**Dataset section:**

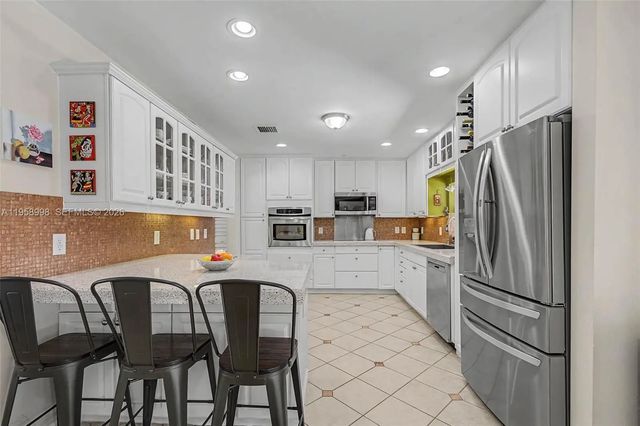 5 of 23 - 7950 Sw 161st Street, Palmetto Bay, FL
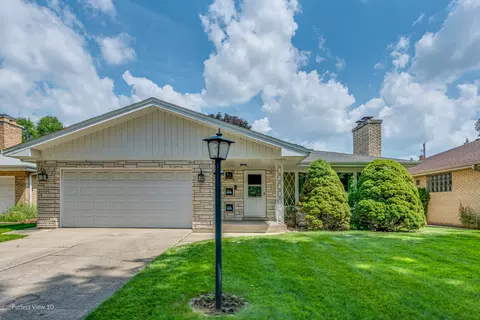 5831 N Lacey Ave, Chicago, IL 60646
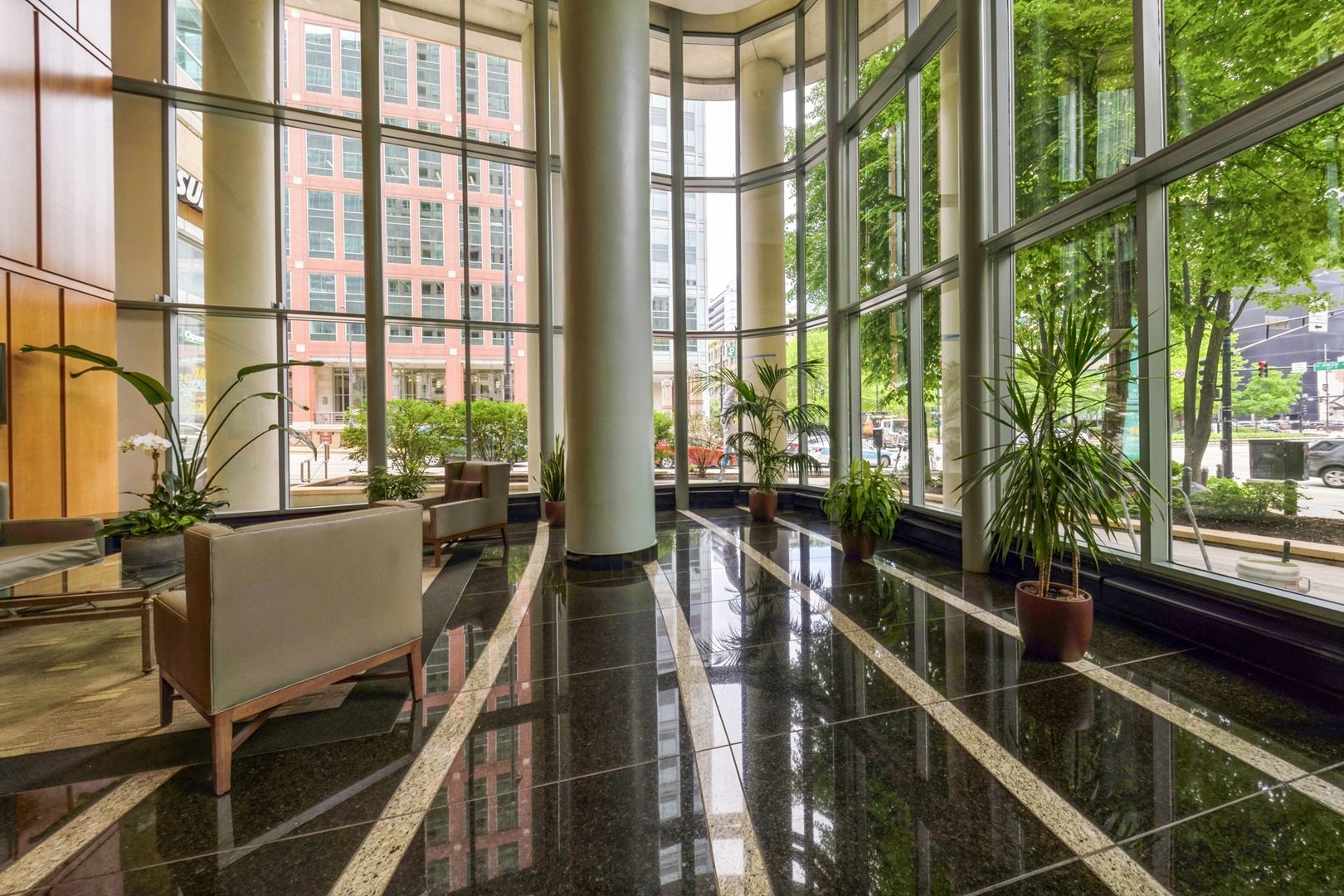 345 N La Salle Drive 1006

**What is needed:** Please output the material above again, exactly, and omit every image.

**Written reply:**
 5 of 23 - 7950 Sw 161st Street, Palmetto Bay, FL
 5831 N Lacey Ave, Chicago, IL 60646
 345 N La Salle Drive 1006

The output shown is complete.